» How to complete this task: Return the line that has "a bedroom with" and all lines below it through the last, exactly as they stand; omit pictures.

» Data extract:
# # # # # # #

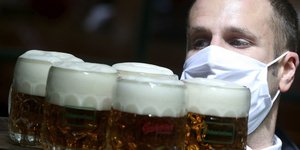 σερβιτόρος με μάσκα και μπύρες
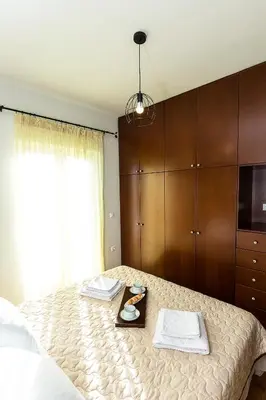 a bedroom with a bed with a tray of food on it at Sea Side House Rapanas in Falasarna
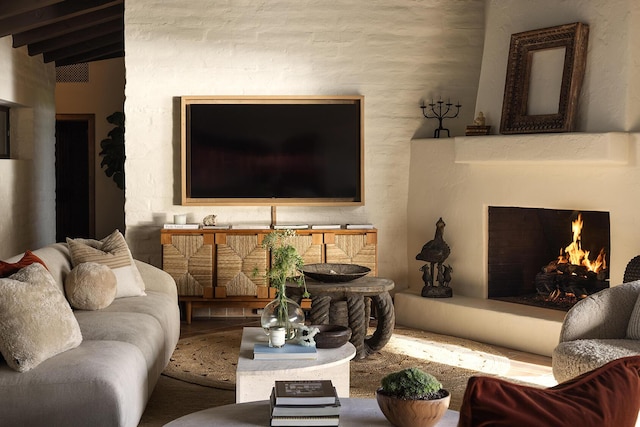 living area with a warm lit fireplace and beam ceiling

# # # # # # #

» Exercise solution:
 a bedroom with a bed with a tray of food on it at Sea Side House Rapanas in Falasarna
 living area with a warm lit fireplace and beam ceiling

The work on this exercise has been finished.